WORK TO COMPLETE -
Check each line of the material below for "plate" and copy those where it appears.

SUPPLIED RECORDS -
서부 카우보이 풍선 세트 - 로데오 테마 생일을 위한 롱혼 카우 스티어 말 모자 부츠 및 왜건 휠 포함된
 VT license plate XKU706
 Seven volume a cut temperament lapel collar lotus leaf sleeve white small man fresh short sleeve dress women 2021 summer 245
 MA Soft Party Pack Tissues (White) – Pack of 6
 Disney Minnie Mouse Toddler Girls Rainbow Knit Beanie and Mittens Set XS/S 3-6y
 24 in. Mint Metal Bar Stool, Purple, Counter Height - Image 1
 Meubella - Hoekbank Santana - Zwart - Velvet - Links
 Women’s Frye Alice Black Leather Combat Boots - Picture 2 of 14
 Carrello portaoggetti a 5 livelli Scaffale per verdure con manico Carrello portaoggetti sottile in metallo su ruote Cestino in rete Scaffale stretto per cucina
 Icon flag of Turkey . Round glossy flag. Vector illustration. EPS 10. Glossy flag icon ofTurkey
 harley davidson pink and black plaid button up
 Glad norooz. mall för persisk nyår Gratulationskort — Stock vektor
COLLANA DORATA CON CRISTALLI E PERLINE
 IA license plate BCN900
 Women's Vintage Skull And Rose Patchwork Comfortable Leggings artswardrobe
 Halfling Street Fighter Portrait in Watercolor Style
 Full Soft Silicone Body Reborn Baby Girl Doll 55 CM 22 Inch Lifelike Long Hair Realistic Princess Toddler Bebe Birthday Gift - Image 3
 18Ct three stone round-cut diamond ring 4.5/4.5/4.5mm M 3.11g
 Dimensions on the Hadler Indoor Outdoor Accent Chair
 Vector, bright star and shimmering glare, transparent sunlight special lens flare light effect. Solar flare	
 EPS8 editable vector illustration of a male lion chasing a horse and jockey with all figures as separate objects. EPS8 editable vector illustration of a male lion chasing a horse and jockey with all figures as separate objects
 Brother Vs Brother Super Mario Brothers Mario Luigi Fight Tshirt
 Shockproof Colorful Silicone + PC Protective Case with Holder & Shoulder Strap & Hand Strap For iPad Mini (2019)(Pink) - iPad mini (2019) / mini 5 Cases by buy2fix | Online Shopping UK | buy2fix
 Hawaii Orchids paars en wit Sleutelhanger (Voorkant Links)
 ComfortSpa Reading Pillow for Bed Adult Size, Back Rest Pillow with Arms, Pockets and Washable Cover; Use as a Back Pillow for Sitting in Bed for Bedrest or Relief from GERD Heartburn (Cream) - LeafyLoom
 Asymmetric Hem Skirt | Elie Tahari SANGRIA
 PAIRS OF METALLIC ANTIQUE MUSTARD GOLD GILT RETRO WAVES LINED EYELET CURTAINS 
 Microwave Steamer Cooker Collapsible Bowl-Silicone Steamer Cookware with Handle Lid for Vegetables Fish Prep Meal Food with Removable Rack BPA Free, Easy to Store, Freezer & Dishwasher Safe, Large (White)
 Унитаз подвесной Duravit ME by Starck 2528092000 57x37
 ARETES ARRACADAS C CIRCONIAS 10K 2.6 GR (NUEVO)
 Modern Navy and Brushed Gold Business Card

OUTPUT OF THE TASK -
 VT license plate XKU706
 IA license plate BCN900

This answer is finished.